↓↓↓
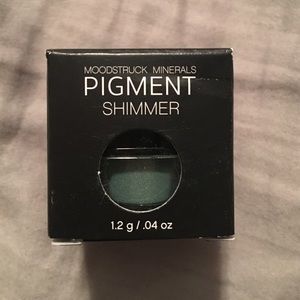 Younique Moodstruck Minerals Pigment in DIGNIFY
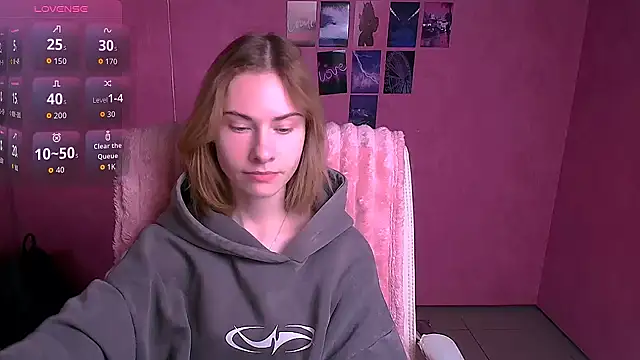 Snapshot of Fiona_Night chatting on 02/23/26, 06:33 Fiona Night online show from 02/23/26, 06:33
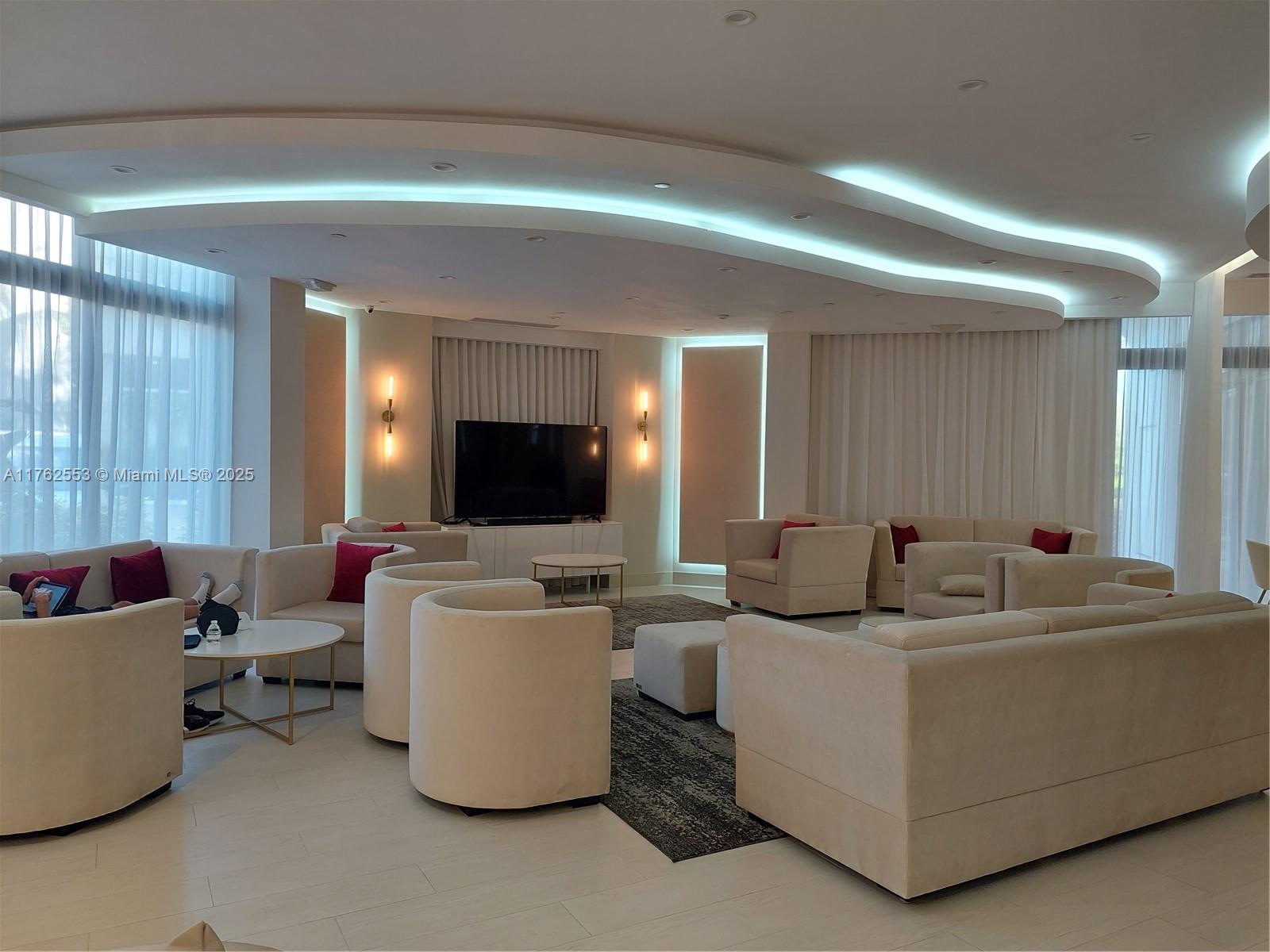 3610 Yacht Club Dr 401 Property Photo 8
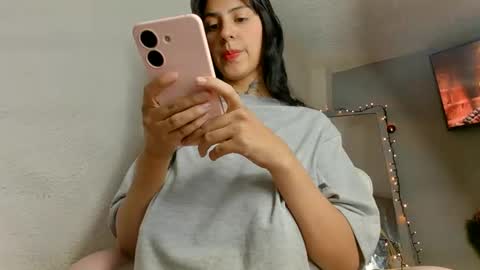 juanita online show from December 30, 3:56 pm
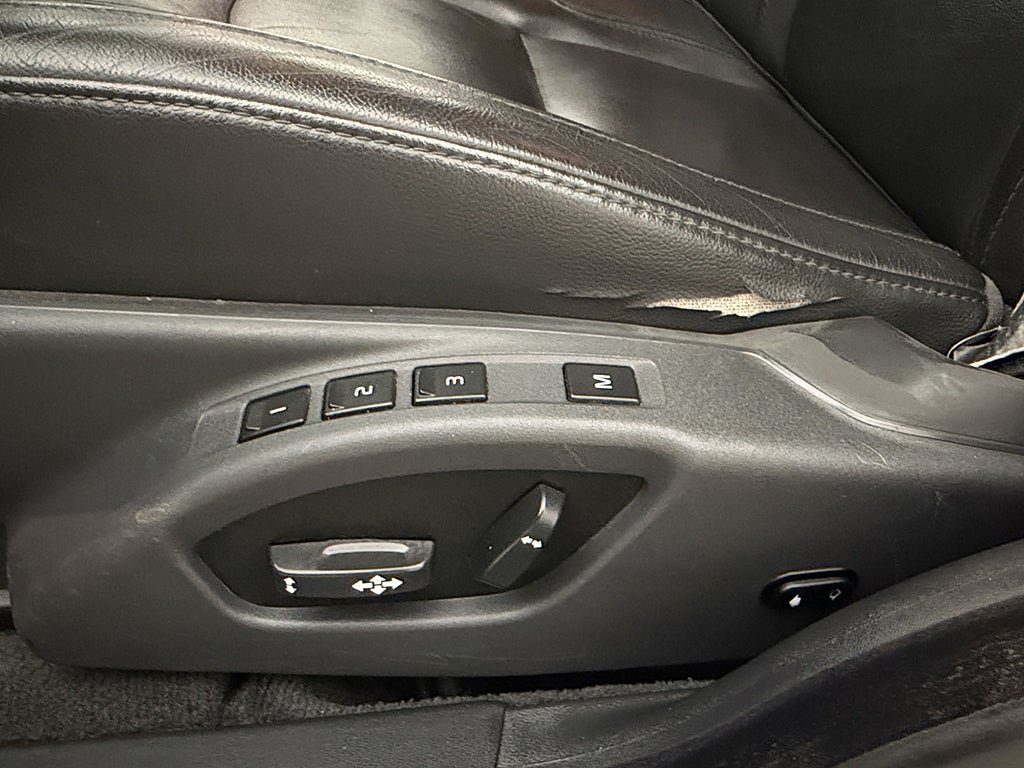 Vehicle Image 24
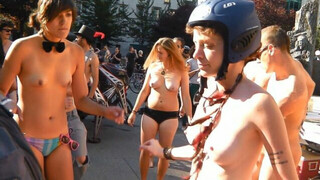 Vancouver Naked Bike Ride 2012 – part 1 of 3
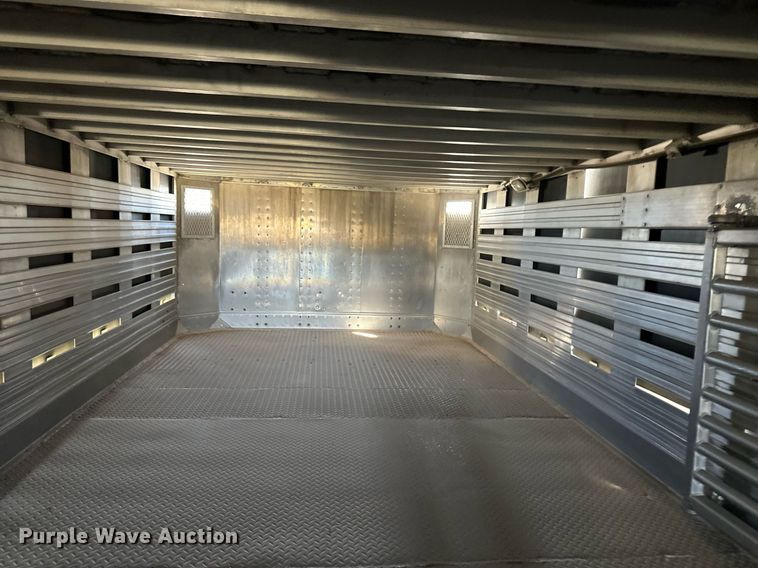 image for item OM9724 2006 Barrett livestock trailer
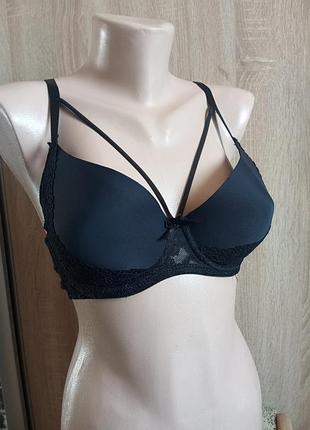 Бюстгальтер з портупеєю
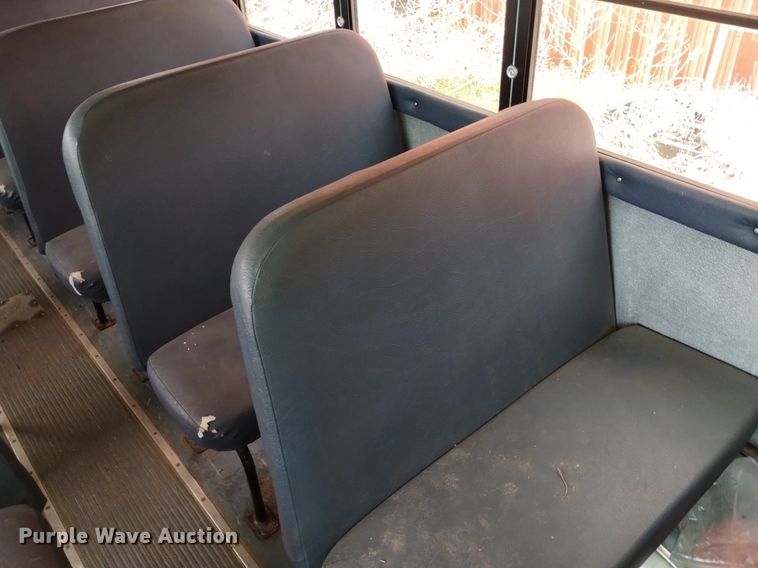 image for item DQ6100 2002 International school bus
↑↑↑
__About this task__
The required result is an exact copy of the lines from the line containing "3610 Yacht Club Dr 401 Property Photo 8" through the end of the entries, with every picture left out.

__Response__
 3610 Yacht Club Dr 401 Property Photo 8
 juanita online show from December 30, 3:56 pm
 Vehicle Image 24
 Vancouver Naked Bike Ride 2012 – part 1 of 3
 image for item OM9724 2006 Barrett livestock trailer
 Бюстгальтер з портупеєю
 image for item DQ6100 2002 International school bus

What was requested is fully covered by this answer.